1. They've come up with a really cool concept / backstory that happens to be a TMNT. Let em. They've put in the time and are reasonably hyped about it so go ahead. Even in Middle Earth. Just warn them that they'll be this total fish out of water and if they're ok then you've got a rocking campaign where Donatello raps with Elrond.

2. TMNTs have uber stats and the player wants one to be the uber stat monster who can do infinity+1 damage in a single round. Let em. They're playing out their power fantasies and that's okay. If they're a good player then there will be total voids in the TMNT's abilities that coincide with the rest of the party's strengths. And if they're poor? They'll eventually MDK Elrond and then you can sic Legolas on their ass. He does infinity+1 damage in the round before you, even if you're also Legolas, he's that good.
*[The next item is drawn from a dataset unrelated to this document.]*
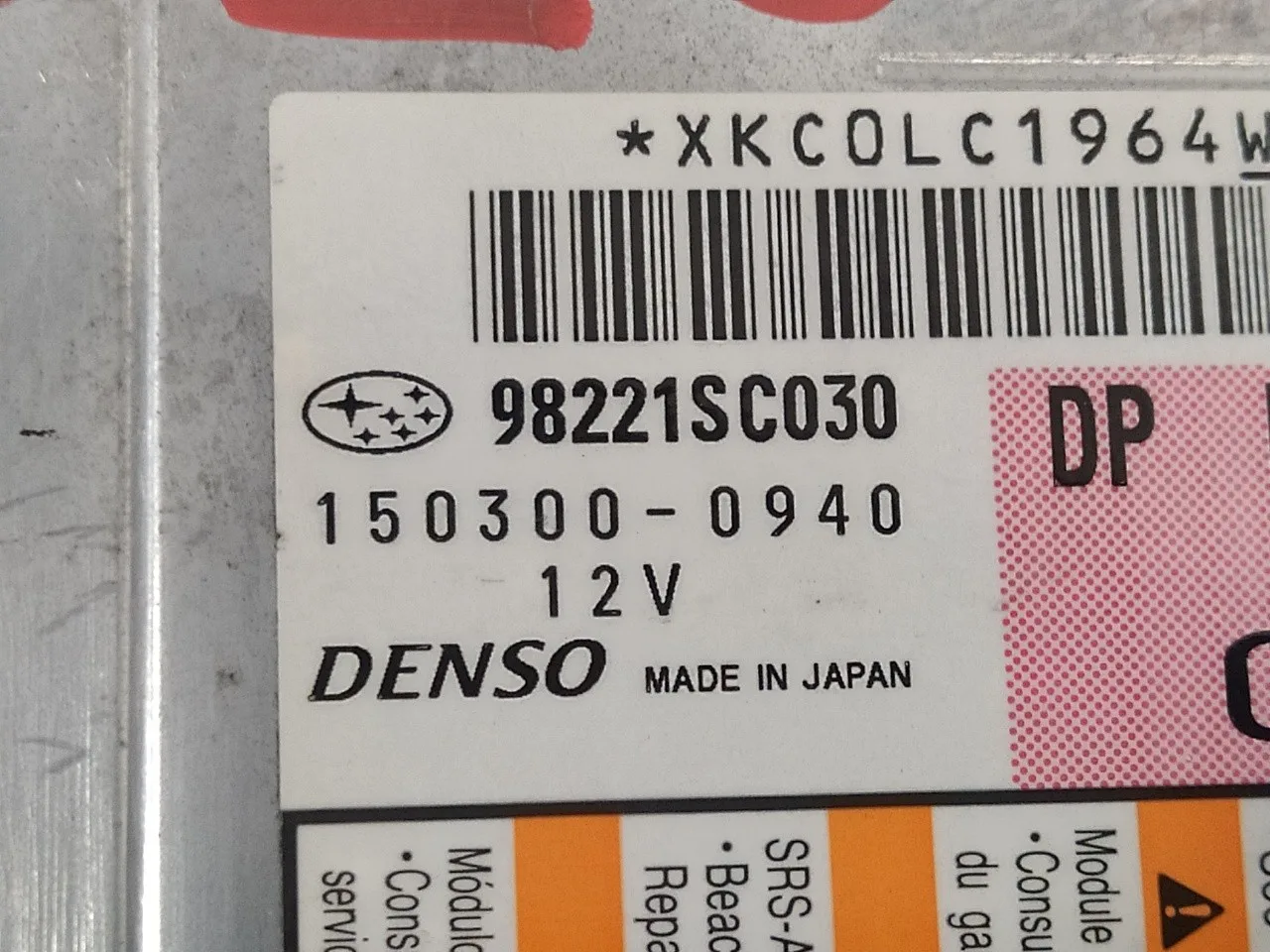 Centralita Airbag para Subaru Forester S12
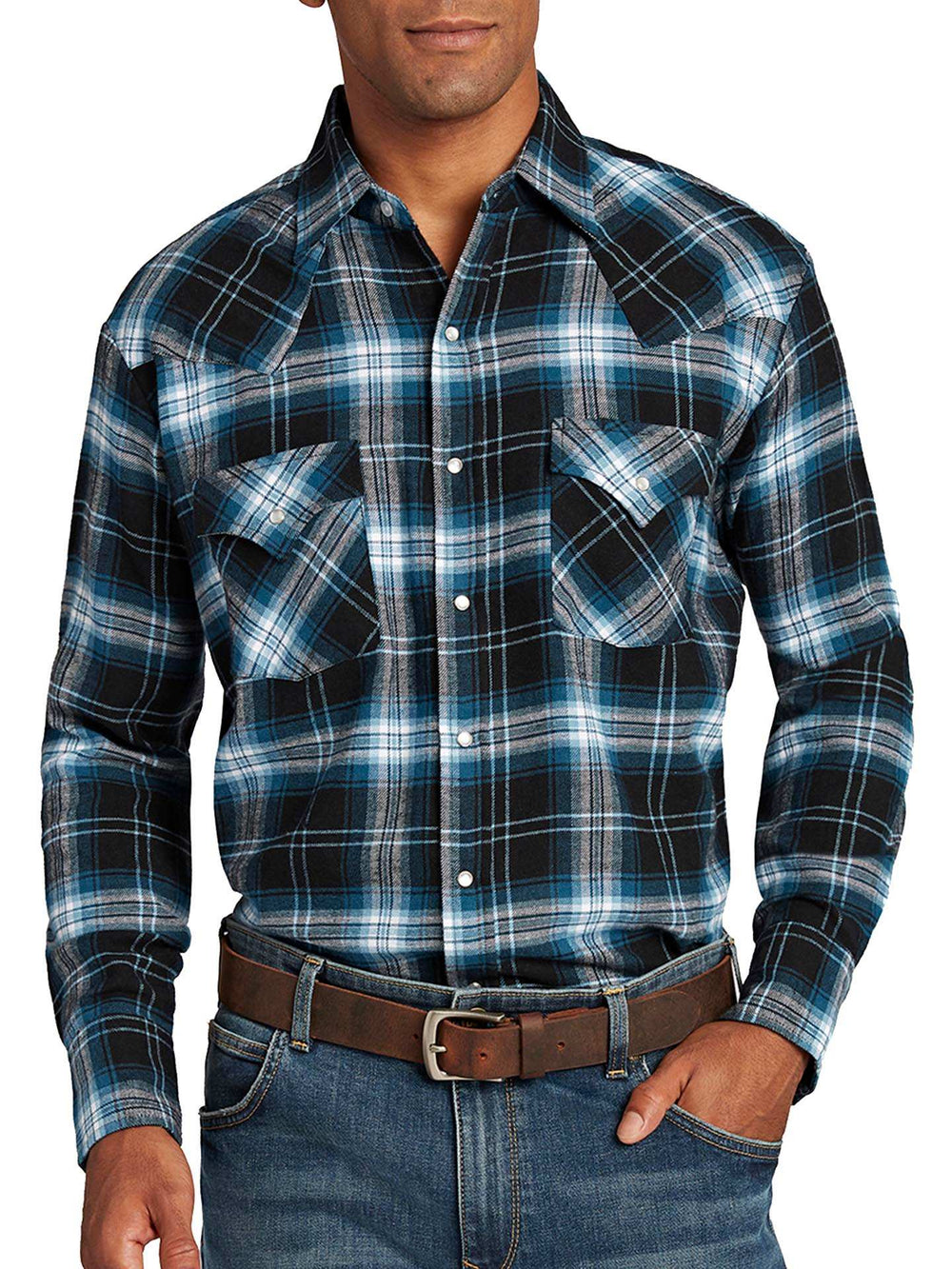 Men's Ely Cattleman Long Sleeve Brawny Flannel Western Snap Shirt- Black - Ely Cattleman - Flyclothing LLC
3. The player has just watched / read all of TMNT and really wants to be one. Let em. This player typically has the attention span of a kitten with ADHD. Three sessions in he'll be begging to change his character to a dwarf, or an elf or some other disgusting alien lifeform native to your setting. After that don't let them change again. Be a meanie.

4. The player has just bought the Turtles splatbook and wants to give a TMNT a spin. Let em. Ask to read the 'including TMNTs into your campaign' section. Then be prepared for a rather baroque Middle Earth campaign in which the party must deal with the machinations of both Sauron and the Foot Clan.

5. The player falls into the looney classification and has picked a TMNT because, there is no because with these players. Let em. Walk on the Valendamned wild side for a change and have a Middle Earth with velociraptors and gouald death gliders.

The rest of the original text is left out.